Table 1 Occupational Exposure Limits (OELs) Developed by Various Organizations^A

OEL^B	Definition	Health Basis	Analytical Feasibility	Economic Feasibility	Engineering Feasibility
ACGIH TLV	Threshold Limit Values (TLVs) refer to airborne concentrations of chemical substances and represent conditions under which it is believed that nearly all workers may be repeatedly exposed, day after day, over a working lifetime, without adverse health effects. TLVs are developed to protect workers who are normal, healthy adults. They are not fine lines between safe and dangerous exposures, nor are they a relative index of toxicology.	Yes	No	No	No
AIHA-OARS^C WEEL	The Workplace Environmental Exposure Levels (WEELs) are health-based airborne chemical OELs established to provide guidance where other OELs are not available. The WEELs provide guidance for protecting most workers from adverse health effects related to occupational chemical exposures. WEELs are expressed as either time weighted averages or ceiling limits.	Yes	No	No	No
DFG MAK	The MAK-values are daily 8-hr time-weighted average values and apply to healthy adults. MAKs give the maximum concentration of a chemical substance in the workplace.	Yes	No	No	No
EC SCOEL	The SCOEL 8-hr time weighted average exposures represent levels to which an employee may be exposed via the airborne route for 8 hr per day, 5 days per week over a working lifetime which will not result in adverse effects on health of the worker or their progeny.	Yes	No	No	No
NIOSH REL	RELs are occupational exposure limits recommended by NIOSH as being protective of worker health and safety over a working lifetime. The REL is used in combination in engineering and work practice controls, exposure and medical monitoring, labeling, posting, worker training, and personal protective equipment. This limit is frequently expressed as a time-weighted average (TWA) for up to a 10-hr workday during a 40-hr workweek.	Yes	Yes	No	Yes
OSHA PEL	OSHA sets enforceable permissible exposure limits (PELs) to protect workers against the health effects of exposure to hazardous substances. PELs are regulatory limits on the amount or concentration of a substance in the air. OSHA PELs are based on an 8-hr time weighted average (TWA) exposure.	Yes	Yes	Yes	Yes

^AFocusing primarily on full-shift time-weighted averages and excluding biological exposure limits and skin notations. Note that the TLVs have traditionally applied a non-probabilistic approach based on non-cancer and cancer endpoints. For OSHA, probabilistic approaches have been more common. PEL development has focuse/d more on carcinogens, and chemicals with large epidemiology databases. Some organizations such as the MAK Commission and NIOSH have historically not set quantitative limits for carcinogens but have provided control-based recommendations. ^BACGIH TLV - American Conference of Governmental Industrial Hygienists (US) Threshold Limit Values; AIHA OARS-WEEL - American Industrial Hygiene Association and Occupational Alliance for Risk Science Workplace Environmental Exposure Levels; NIOSH REL - National Institute for Occupational Safety and Health (US) Recommended Exposure Level; OSHA PEL - Occupational Safety and Health Administration (US) Permissible Exposure Level; DFG MAK - Deutsche Forschungsgemeinschaft (German Research Foundation) Maximale Arbeitsplatz-konzentrationen (Maximum Airborne Concentration); EC SCOEL - European Commission Scientific Committee on Occupational Exposure Limit Values.^CThe WEELs were originally developed and published as a committee under the auspices of the American Industrial Hygiene Association. In 2013 The AIHA signed an agreement to transfer the updating and development of new WEEL values to Toxicology Excellence for Risk Assessment under the Occupational Alliance for Risk Science.
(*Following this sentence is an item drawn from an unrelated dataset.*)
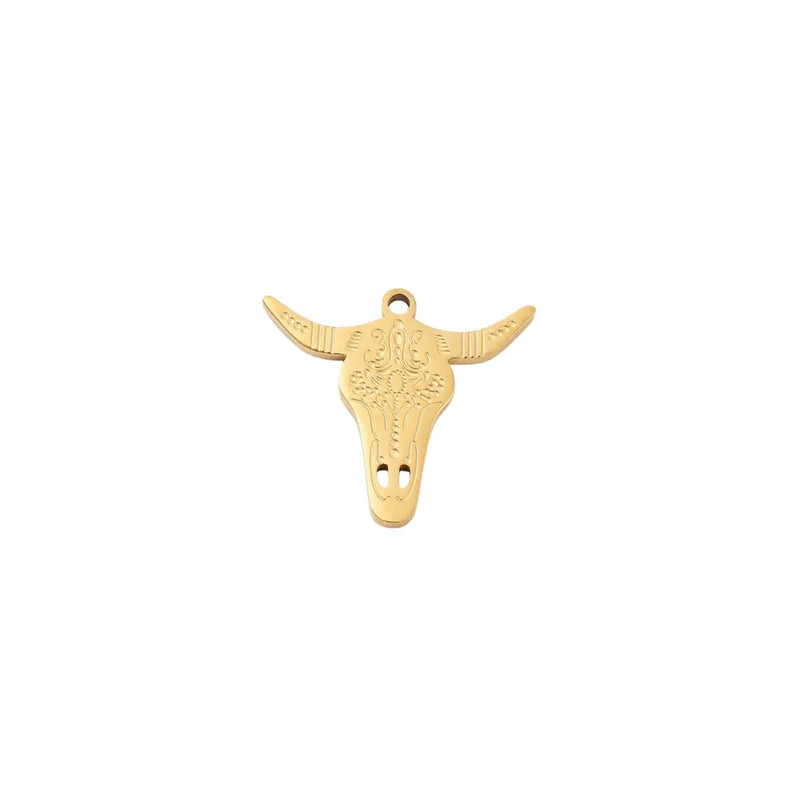 Gold Rodeo Engraved Longhorn Charm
Figure 1 Sources of uncertainty and variability in occupational exposure limit derivation.

Figure 2 Sources of uncertainty in exposure estimation.

Table 2 Exposure Assessment Cases in Which Probabilistic Uncertainty Analyses are Useful (modified from Cullen and Frey⁽¹⁵⁾)
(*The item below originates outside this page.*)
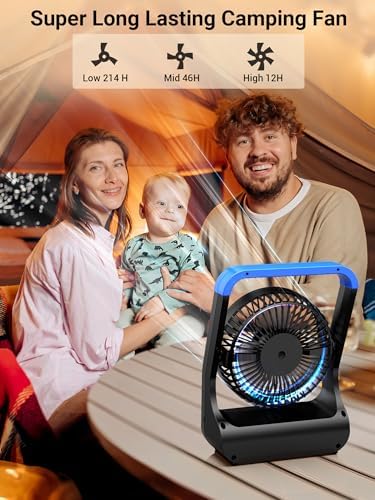 Gazeled Battery Operated Fan, Camping Fan Battery Powered, Super Long Lasting, 5'' Portable D-Cell Battery Powered Desk Fan with Timer, 3 Speeds, Quiet, 180° Rotation, for Office,Bedroom,Outdoor, F24 - Image 3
• When consequences of poor or biased exposure estimates are unacceptably high.

• When screening exposure estimates indicate potential risk, but the estimates have substantial uncertainty.

• When it is uncertain whether the collection of additional samples or information will improve the quality of the decision to be made.

• When uncertain information stems from multiple sources.

• When comparing potential interventions with different costs and differential impacts on workers.

• When ranking or prioritizing exposure levels, exposure groups or exposure agents are important.

• When exposure reduction costs are high.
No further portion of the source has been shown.